3. Retrieval Framework
Implemented multiple cross-modal retrieval modes:
- V2V – CLIP-style global embedding matching.
- G2G / VG2VG – graph-level and hybrid vector–graph matching using Graph Matching Networks (GMN).
- S2S / V2S / S2V – scene-level retrieval as a cost-effective alternative requiring no graph construction.
Key Results
- VG2VG (Hybrid Vector–Graph) achieves +8.30% mean accuracy gain over baselines.
- Scene-based matching provides +3.55% gain with minimal computation—ideal for scalable deployment.
- Human evaluations confirm stronger grounding and interpretability for fine-grained captions.

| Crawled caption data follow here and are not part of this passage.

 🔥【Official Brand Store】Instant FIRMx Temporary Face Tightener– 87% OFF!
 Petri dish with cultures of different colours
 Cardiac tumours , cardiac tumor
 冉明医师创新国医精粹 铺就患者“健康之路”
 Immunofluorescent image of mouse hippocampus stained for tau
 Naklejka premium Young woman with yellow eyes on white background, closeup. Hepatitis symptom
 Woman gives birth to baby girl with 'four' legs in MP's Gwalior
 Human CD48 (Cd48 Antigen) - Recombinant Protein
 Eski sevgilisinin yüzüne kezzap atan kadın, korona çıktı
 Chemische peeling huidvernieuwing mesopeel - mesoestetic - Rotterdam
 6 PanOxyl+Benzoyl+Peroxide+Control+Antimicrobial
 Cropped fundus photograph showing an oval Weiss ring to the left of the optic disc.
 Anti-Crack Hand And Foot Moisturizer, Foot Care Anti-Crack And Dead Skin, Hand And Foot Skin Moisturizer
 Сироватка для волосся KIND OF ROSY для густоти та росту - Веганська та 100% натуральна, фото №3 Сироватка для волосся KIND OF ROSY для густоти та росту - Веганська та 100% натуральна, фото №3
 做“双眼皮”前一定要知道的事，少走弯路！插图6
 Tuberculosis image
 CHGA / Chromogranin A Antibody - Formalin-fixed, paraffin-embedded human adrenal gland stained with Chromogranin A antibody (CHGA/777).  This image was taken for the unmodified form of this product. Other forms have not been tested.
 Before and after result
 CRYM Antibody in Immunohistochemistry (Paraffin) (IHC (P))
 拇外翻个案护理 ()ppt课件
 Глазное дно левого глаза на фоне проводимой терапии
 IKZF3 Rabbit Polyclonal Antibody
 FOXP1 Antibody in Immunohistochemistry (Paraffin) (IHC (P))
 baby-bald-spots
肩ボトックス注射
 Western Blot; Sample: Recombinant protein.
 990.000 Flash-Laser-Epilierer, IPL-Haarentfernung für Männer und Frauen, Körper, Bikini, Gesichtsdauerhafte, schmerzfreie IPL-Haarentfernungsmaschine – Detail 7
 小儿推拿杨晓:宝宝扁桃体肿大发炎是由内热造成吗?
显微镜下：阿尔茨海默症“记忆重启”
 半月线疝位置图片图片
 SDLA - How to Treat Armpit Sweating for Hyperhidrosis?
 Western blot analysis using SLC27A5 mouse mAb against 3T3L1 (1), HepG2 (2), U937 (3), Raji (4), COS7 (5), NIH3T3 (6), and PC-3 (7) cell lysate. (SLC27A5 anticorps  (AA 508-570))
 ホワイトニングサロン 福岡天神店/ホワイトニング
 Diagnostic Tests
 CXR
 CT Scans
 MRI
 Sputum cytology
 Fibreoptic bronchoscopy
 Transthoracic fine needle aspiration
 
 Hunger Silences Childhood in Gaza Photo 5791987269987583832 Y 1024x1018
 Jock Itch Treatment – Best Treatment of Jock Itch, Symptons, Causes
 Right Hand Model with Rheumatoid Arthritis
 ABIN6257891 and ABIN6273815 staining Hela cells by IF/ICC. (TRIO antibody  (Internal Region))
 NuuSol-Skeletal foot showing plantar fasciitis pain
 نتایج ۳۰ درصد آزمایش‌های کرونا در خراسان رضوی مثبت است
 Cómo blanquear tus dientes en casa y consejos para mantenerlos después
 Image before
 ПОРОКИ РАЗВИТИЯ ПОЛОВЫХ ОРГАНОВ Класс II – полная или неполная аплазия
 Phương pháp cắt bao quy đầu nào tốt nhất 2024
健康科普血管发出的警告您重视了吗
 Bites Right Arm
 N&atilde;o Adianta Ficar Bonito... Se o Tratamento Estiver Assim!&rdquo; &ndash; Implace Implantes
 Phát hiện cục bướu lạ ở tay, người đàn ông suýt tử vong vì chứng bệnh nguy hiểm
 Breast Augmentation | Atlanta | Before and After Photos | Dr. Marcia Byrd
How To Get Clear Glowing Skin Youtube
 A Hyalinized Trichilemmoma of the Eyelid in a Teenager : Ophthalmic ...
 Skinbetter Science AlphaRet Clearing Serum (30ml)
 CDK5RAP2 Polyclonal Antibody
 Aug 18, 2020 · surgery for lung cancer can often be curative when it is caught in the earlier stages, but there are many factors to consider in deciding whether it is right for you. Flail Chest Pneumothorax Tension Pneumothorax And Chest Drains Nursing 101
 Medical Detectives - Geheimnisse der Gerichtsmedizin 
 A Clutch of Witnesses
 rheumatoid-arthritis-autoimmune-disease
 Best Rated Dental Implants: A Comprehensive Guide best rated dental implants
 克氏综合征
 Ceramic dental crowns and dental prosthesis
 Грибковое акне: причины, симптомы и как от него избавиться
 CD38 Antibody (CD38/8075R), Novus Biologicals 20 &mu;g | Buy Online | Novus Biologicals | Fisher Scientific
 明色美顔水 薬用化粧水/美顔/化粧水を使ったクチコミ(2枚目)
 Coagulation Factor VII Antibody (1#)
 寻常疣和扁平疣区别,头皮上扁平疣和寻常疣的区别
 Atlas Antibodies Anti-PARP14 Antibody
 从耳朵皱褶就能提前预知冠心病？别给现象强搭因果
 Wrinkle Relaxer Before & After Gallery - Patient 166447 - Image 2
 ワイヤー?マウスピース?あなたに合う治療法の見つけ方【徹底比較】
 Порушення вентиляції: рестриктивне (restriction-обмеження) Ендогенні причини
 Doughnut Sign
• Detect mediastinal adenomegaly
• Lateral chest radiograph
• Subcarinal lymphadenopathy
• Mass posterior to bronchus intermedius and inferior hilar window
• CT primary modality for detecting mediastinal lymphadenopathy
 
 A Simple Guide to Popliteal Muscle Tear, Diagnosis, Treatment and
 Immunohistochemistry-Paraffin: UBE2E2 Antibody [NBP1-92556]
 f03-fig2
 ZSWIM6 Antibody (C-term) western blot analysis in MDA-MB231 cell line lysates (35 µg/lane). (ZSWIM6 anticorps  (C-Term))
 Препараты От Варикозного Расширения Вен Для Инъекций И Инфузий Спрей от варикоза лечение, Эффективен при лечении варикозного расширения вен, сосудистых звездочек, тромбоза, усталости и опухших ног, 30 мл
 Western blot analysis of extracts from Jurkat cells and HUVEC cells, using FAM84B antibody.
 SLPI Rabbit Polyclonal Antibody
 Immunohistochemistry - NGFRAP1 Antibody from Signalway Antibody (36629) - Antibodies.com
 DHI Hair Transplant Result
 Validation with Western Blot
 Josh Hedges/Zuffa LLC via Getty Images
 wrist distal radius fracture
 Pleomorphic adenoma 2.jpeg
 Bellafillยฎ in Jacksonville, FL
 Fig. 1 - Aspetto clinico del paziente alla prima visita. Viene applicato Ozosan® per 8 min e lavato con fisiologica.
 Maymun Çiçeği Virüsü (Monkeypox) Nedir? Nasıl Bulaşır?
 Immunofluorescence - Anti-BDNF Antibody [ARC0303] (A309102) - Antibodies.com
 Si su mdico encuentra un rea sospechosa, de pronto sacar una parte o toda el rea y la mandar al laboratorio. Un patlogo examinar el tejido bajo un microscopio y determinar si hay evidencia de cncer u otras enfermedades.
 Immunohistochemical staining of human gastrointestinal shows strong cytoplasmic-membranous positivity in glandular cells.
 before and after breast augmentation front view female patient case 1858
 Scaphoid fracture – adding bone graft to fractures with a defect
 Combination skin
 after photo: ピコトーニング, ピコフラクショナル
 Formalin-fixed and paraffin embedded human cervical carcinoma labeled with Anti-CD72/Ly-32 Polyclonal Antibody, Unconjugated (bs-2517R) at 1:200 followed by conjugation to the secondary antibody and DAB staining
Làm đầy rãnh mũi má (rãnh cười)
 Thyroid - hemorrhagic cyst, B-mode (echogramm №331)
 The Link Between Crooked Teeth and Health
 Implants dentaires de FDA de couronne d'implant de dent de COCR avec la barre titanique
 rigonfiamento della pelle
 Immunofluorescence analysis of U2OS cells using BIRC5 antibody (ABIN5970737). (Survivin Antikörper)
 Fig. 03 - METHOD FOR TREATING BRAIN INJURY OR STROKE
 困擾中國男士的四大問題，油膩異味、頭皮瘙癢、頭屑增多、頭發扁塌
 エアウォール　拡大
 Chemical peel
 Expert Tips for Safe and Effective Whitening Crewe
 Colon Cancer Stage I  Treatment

- Demonstrated applicability to real-world insurance and risk assessment scenarios.
Contributions
- Fine-Grained Caption Generation and Validation for remote sensing datasets.
- Unified multimodal retrieval framework combining global, graph, and scene-based representations.
- Novel Graph Matching Network (GMN) for dynamic graph similarity scoring.
- Scene-based retrieval as a lightweight, training-free alternative.
- Extensive benchmarking across RSICD, NWPU, RSITMD, and FIT-RS datasets.
Defense & Supervision
- Institution: EPFL – School of Computer and Communication Sciences
- Supervisors: Prof. Devis Tuia (EPFL ENAC) & Ciprian Tomoiaga (AXA Group Operations)
- Defense Date: August 26, 2025
- Author: Oussama Gabouj
Resources
- Date: August 28, 2025
- PDF: Full Thesis PDF
- Slides:Presentation Slides
This work bridges vision–language modeling and remote sensing, paving the way for structured, interpretable, and fine-grained retrieval systems in complex geospatial domains.